I wonder if it's anyone I know...?
I'm taking a Spade-Brick Combo™* to Hollywood to persuade the bigwigs that a Penelope Pitstop Movie is the future!
* You should totally Trademark the S-B C.
That must be really annoying if you get murdered once a month. That person needs a spade-brick combo!
If the spade-brick combo isn't enough to convince Hollywood of my genius idea, drop me an email and I can always send the Agatha Christie cannon over. That will convince them…
Tim, I know what you did last summer.
Something about a spade/brick combo.
And bopping people on the head.
hehehehe
Can I join in this summer?
I love tools that can be used for multiple projects. You could also find a way to attach an IPod into the handle of the weapon so that you can listen to music while killing somebody.
What would you call this brick and spade combo?
Dora - Damn! Discovered!! Of course you can join in - you can head the Southern Hemisphere bop-team!
Tara - I love the idea of iPod integration - maybe like the iPhone it could come in 4 and 8 gig capacities? But it's only for harmless bopping!
what would we call it? Erm… the spade/brick combo … no, wait: the iSpade/brick combo! CATCHY!
The iPummel
It's hot! It's edgy!
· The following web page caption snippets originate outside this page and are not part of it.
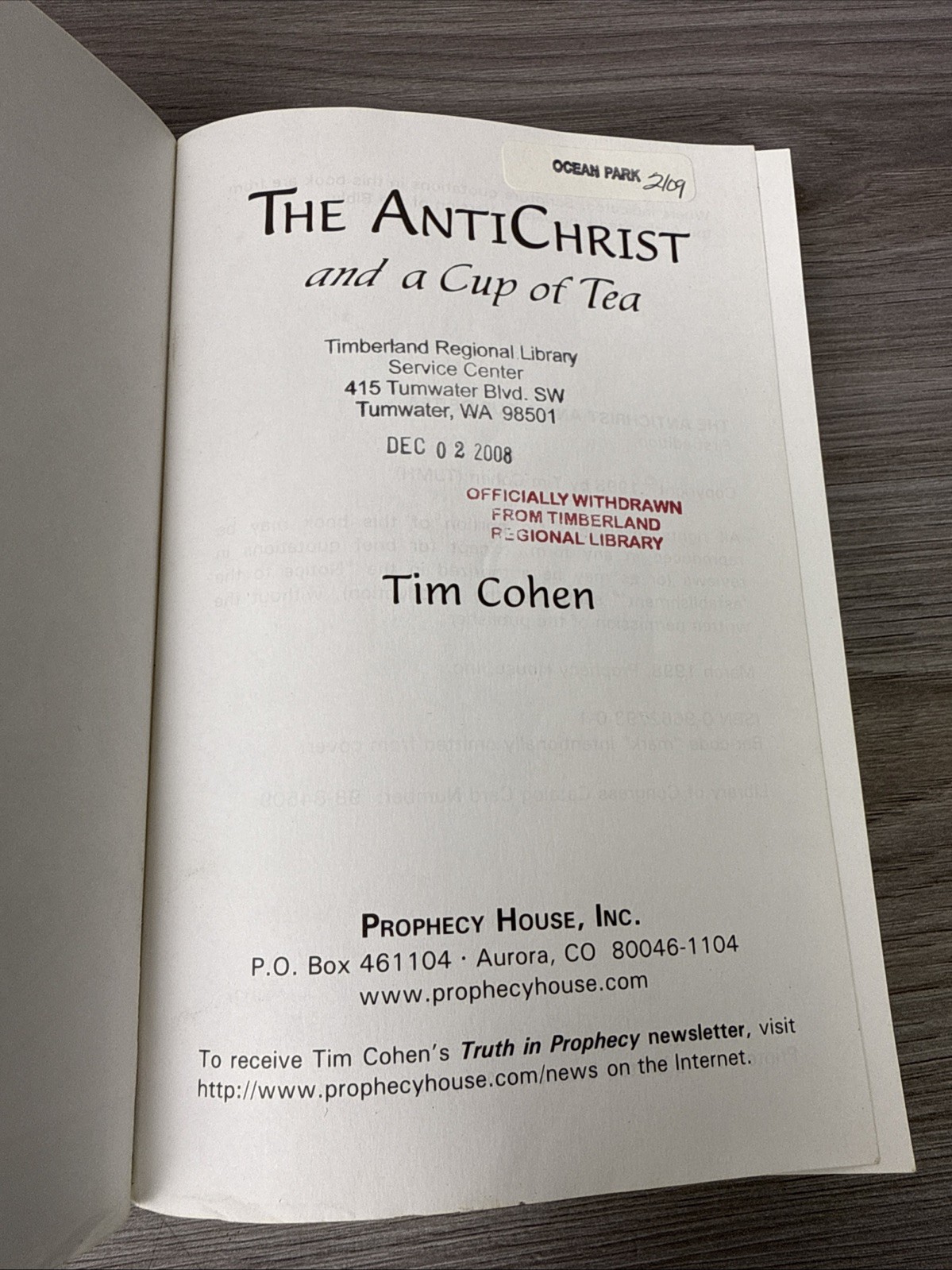 THE ANTICHRIST AND A CUP OF TEA Tim Cohen 1st Edition PB 1998 Conspiracy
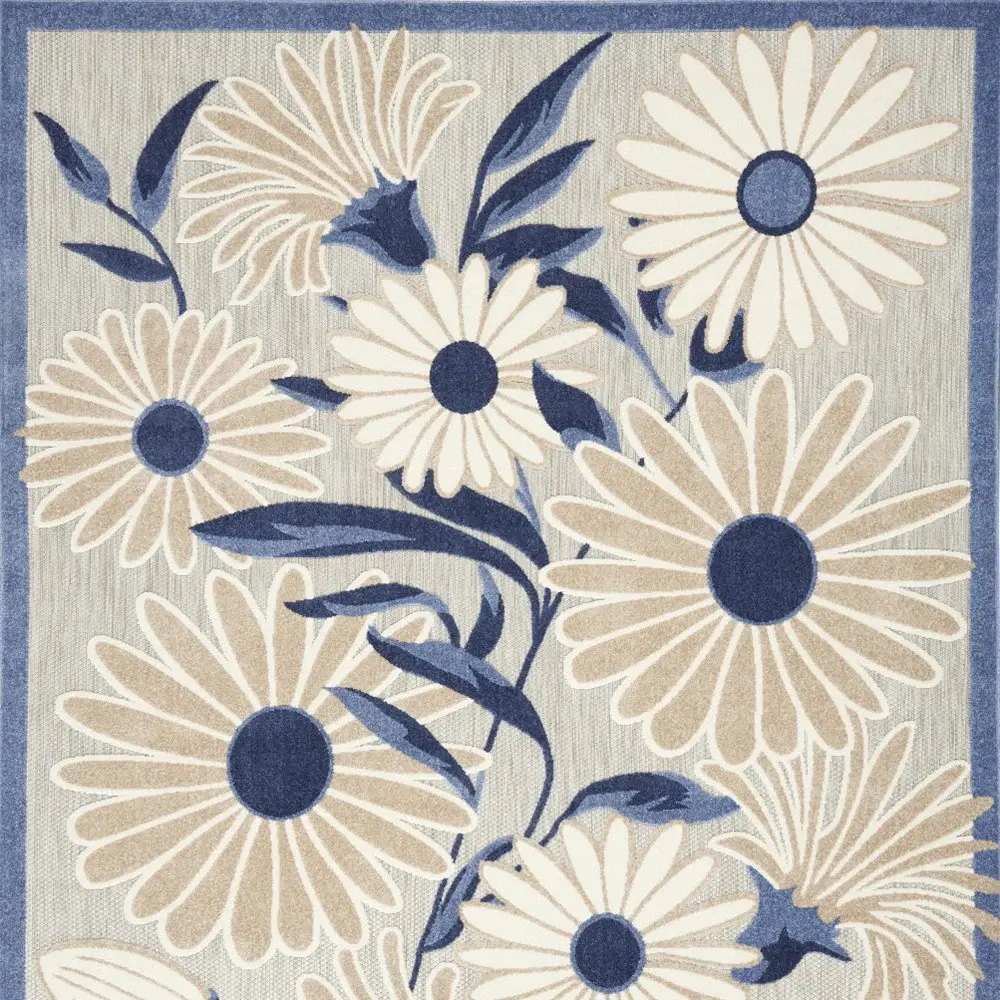 7' X 10' Blue And Grey Floral Stain Resistant Non Skid Area Rug - Image 3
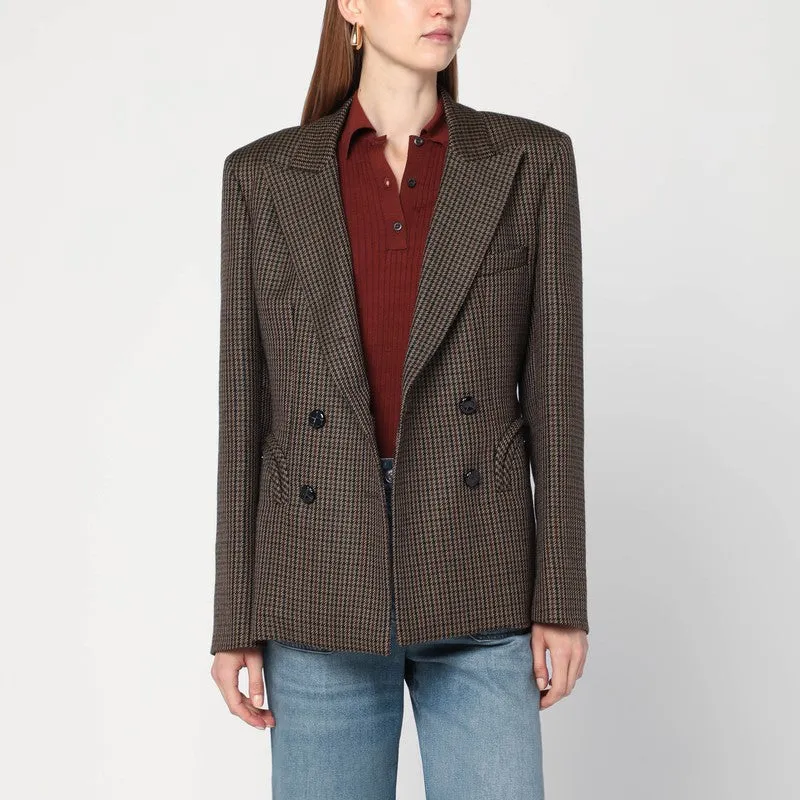 Brown wool pied de poule double-breasted blazer sold by Lord & Taylor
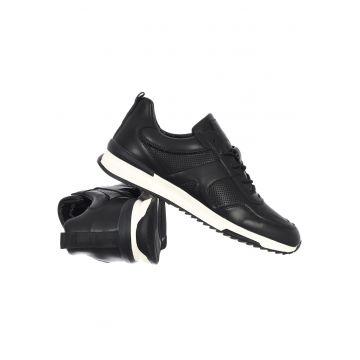 Tenisi barbati  negru piele naturala - Negru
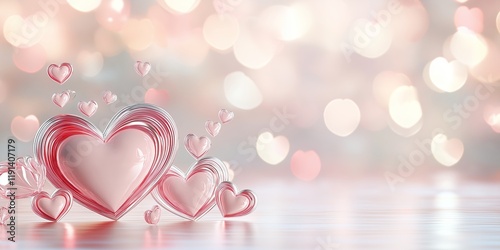 Valentines Day background. Cluster Of Pink And Red Glass Hearts On Soft Glow Backdrop. Perfect Romantic Design For Wedding Invitations, Postcards, And Love Themes. AI generated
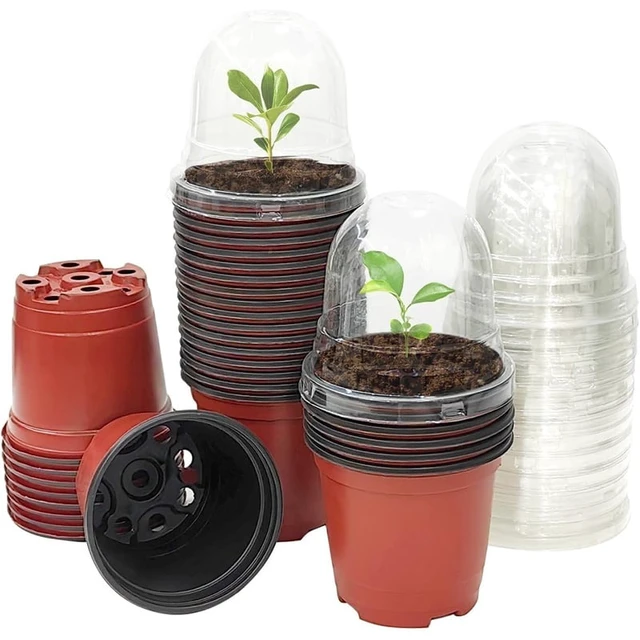 Alt view image 2 of 7 - 18Pcs(9 Pots+9 Lids) Plant Nursery Pots with Humidity Dome Soft Transparent Plastic Gardening Pot Planting Containers Planter
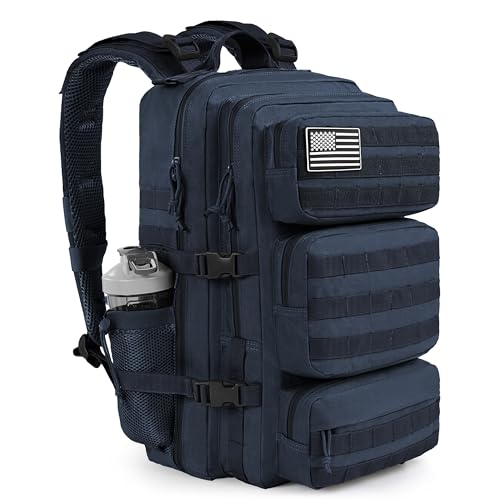 Military Tactical Backpack 50L Large Day Backpack for Men Molle Army 3 Days Assault Pack Bug Out Bag Water Resistant and Heavy Duty Hiking Treeking Rucksack – Dark Blue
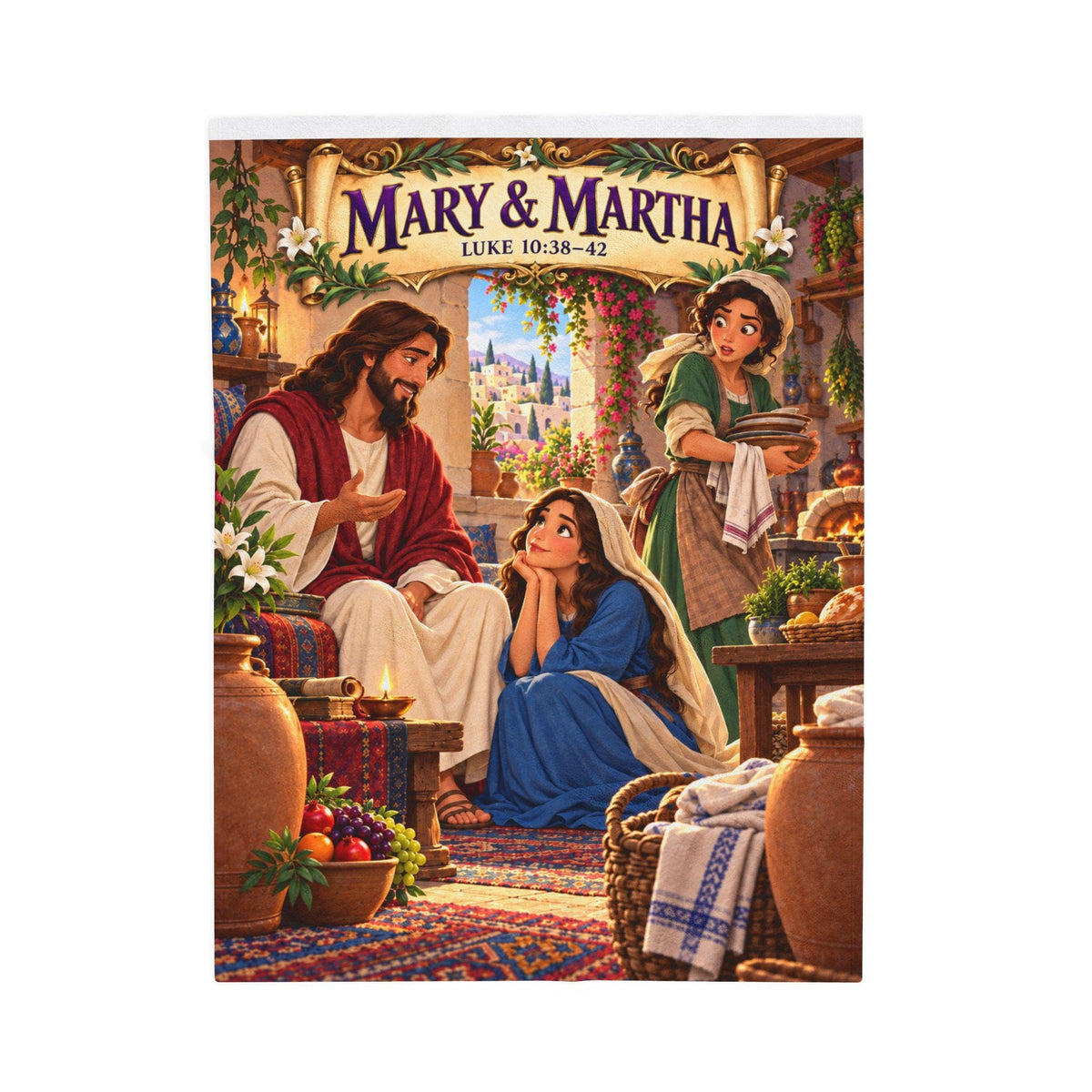 Mary and Martha Bible Story Blanket | Luke 10 Christian Kids Gift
Trademark it!
* snigger *
::shakes uncontrollably::
* snort *
::more shaking::
Why am I almost helpless with laughter, I hear you ask? The Agatha Christie Cannon, that's why.
Every house should have one. I wish I had one when the God Squad came 'round this morning!
"Take that!"
* BANG *
Agatha Christie, right in the gut!
Oof! Can you imagine firing the Agatha Christie cannon at a god-botherer? Right in the Miss Marples!